Greedily partition the list of combinations with repetition

10

First, a few definitions:

  • Given n and k, consider the sorted list of multisets, where for each multiset we choose k numbers from {0, 1, ..., n-1} with repetitions.

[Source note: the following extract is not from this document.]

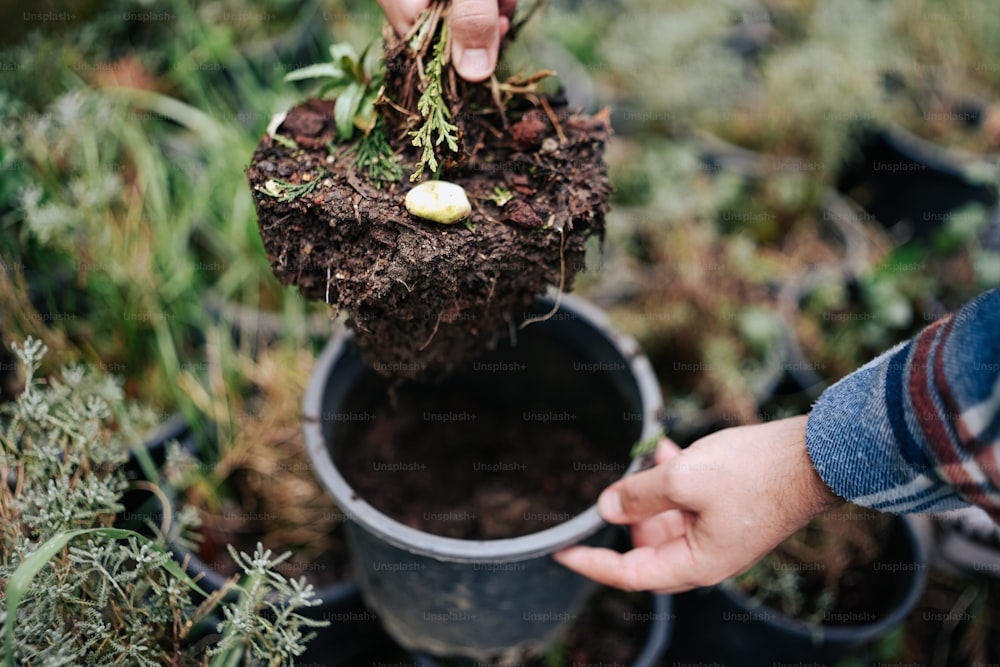 a person holding a potted plant in their hand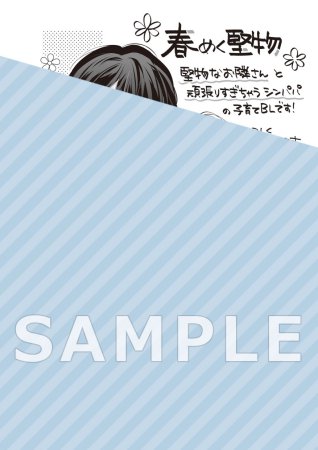春めく堅物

For example, for n=5 and k=3, we have:

[(0, 0, 0), (0, 0, 1), (0, 0, 2), (0, 0, 3), (0, 0, 4), (0, 1, 1), (0, 1, 2), (0, 1, 3), (0, 1, 4), (0, 2, 2), (0, 2, 3), (0, 2, 4), (0, 3, 3), (0, 3, 4), (0, 4, 4), (1, 1, 1), (1, 1, 2), (1, 1, 3), (1, 1, 4), (1, 2, 2), (1, 2, 3), (1, 2, 4), (1, 3, 3), (1, 3, 4), (1, 4, 4), (2, 2, 2), (2, 2, 3), (2, 2, 4), (2, 3, 3), (2, 3, 4), (2, 4, 4), (3, 3, 3), (3, 3, 4), (3, 4, 4), (4, 4, 4)]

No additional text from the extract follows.